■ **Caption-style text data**

══════════

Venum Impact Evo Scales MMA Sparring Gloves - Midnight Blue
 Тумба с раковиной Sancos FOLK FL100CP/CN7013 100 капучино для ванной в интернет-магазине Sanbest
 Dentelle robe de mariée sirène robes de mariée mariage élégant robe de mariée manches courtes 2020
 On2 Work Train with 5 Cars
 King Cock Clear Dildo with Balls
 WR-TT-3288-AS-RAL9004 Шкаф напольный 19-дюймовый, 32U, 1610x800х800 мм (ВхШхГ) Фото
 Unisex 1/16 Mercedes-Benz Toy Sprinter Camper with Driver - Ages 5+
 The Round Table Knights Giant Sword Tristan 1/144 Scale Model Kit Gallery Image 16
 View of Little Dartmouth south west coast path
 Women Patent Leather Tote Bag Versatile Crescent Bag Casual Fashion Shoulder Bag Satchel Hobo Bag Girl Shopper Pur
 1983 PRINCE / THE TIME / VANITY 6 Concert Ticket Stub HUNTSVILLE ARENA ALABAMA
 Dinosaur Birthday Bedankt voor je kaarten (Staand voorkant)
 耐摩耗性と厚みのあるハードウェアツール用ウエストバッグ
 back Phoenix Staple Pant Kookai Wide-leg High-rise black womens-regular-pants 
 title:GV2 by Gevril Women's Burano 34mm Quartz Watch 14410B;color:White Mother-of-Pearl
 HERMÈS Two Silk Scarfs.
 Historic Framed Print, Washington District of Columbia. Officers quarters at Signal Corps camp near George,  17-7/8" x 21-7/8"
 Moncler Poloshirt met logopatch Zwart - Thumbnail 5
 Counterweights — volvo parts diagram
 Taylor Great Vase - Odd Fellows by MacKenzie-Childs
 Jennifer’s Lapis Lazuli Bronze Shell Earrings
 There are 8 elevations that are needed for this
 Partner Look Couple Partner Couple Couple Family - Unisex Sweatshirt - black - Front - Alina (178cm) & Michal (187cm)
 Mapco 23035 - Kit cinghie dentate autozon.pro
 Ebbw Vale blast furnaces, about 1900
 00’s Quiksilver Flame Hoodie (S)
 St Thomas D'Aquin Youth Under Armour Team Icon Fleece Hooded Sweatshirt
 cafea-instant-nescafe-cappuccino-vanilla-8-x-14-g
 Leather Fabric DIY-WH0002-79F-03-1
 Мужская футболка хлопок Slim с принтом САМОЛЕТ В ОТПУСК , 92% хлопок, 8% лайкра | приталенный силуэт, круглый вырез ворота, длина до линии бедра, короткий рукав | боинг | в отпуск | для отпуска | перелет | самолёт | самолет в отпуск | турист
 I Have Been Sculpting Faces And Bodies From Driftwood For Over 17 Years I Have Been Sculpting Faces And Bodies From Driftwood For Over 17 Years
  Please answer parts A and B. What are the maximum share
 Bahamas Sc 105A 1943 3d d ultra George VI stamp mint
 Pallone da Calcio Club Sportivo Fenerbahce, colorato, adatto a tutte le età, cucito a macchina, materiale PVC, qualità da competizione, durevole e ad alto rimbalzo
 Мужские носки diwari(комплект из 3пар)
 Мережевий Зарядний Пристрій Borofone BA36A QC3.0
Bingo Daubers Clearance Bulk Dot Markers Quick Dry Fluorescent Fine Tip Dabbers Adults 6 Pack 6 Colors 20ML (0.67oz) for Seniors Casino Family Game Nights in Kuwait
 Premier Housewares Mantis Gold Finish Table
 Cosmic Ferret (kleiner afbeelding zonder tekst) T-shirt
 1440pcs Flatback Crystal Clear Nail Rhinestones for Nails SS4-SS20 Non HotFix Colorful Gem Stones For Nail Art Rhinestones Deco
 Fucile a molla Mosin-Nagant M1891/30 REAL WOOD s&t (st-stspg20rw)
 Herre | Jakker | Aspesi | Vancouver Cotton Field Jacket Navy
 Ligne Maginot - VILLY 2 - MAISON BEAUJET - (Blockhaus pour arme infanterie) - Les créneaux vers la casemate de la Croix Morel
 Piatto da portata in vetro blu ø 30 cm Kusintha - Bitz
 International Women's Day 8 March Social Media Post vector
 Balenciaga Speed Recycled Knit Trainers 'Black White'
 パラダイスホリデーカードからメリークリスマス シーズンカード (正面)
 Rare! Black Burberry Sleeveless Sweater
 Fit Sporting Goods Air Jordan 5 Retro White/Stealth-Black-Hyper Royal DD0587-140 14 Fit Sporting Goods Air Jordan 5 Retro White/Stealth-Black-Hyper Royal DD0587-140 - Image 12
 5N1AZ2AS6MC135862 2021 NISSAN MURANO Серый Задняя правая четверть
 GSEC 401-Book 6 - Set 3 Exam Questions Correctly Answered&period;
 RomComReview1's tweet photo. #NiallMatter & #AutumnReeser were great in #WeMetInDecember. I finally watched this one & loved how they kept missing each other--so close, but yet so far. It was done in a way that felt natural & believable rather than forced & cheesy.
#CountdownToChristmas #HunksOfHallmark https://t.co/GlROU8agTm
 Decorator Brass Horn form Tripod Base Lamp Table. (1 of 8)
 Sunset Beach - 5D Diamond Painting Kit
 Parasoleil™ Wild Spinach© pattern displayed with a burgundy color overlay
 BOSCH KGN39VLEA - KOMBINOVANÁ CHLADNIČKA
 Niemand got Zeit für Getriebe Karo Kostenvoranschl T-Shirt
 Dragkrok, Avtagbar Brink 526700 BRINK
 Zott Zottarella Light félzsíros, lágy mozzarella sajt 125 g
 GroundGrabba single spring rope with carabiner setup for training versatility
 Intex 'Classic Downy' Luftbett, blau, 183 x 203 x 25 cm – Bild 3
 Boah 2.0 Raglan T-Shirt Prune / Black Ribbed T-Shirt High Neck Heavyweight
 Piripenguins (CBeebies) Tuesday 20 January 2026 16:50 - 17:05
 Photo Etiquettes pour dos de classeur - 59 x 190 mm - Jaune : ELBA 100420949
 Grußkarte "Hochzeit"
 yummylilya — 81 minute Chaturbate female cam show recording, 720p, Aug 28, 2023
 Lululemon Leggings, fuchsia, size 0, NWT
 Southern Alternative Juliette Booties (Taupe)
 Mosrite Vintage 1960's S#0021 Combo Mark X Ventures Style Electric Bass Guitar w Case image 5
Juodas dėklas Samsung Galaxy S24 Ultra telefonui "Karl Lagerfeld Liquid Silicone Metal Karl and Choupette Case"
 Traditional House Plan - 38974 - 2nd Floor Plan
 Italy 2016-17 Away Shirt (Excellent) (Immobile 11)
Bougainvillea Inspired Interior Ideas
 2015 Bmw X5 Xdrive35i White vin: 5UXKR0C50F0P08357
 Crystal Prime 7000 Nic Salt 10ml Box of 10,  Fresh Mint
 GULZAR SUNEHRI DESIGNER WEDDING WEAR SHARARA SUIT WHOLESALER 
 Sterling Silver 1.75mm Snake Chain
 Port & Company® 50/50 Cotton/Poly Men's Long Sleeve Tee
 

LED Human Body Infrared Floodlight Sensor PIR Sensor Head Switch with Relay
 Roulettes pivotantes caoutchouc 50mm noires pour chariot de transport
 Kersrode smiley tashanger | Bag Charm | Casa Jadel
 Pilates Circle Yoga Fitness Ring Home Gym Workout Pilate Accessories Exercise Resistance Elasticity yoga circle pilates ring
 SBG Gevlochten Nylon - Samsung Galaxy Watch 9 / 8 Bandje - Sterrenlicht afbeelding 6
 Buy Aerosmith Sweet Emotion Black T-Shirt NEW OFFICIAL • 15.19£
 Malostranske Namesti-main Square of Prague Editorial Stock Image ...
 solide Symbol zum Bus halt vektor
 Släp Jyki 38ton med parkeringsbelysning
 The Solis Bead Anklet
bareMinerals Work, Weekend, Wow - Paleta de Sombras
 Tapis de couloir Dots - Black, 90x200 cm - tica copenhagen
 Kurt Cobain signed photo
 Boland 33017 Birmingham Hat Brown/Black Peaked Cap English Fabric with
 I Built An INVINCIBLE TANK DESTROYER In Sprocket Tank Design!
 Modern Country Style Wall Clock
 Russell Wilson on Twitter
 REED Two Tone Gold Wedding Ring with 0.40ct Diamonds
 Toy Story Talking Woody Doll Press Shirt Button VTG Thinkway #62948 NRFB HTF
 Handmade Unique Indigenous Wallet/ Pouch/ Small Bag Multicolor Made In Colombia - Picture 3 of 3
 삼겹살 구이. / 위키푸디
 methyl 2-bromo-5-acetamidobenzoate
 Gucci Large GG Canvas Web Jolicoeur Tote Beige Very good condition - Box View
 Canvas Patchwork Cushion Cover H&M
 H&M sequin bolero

══════════

■ **Activity**
Starting with the line with "Niemand got Zeit" above and going on through the line with "GULZAR SUNEHRI DESIGNER", transcribe every line exactly, both ends included, and add nothing.

■ **Response to the exercise**
 Niemand got Zeit für Getriebe Karo Kostenvoranschl T-Shirt
 Dragkrok, Avtagbar Brink 526700 BRINK
 Zott Zottarella Light félzsíros, lágy mozzarella sajt 125 g
 GroundGrabba single spring rope with carabiner setup for training versatility
 Intex 'Classic Downy' Luftbett, blau, 183 x 203 x 25 cm – Bild 3
 Boah 2.0 Raglan T-Shirt Prune / Black Ribbed T-Shirt High Neck Heavyweight
 Piripenguins (CBeebies) Tuesday 20 January 2026 16:50 - 17:05
 Photo Etiquettes pour dos de classeur - 59 x 190 mm - Jaune : ELBA 100420949
 Grußkarte "Hochzeit"
 yummylilya — 81 minute Chaturbate female cam show recording, 720p, Aug 28, 2023
 Lululemon Leggings, fuchsia, size 0, NWT
 Southern Alternative Juliette Booties (Taupe)
 Mosrite Vintage 1960's S#0021 Combo Mark X Ventures Style Electric Bass Guitar w Case image 5
Juodas dėklas Samsung Galaxy S24 Ultra telefonui "Karl Lagerfeld Liquid Silicone Metal Karl and Choupette Case"
 Traditional House Plan - 38974 - 2nd Floor Plan
 Italy 2016-17 Away Shirt (Excellent) (Immobile 11)
Bougainvillea Inspired Interior Ideas
 2015 Bmw X5 Xdrive35i White vin: 5UXKR0C50F0P08357
 Crystal Prime 7000 Nic Salt 10ml Box of 10,  Fresh Mint
 GULZAR SUNEHRI DESIGNER WEDDING WEAR SHARARA SUIT WHOLESALER 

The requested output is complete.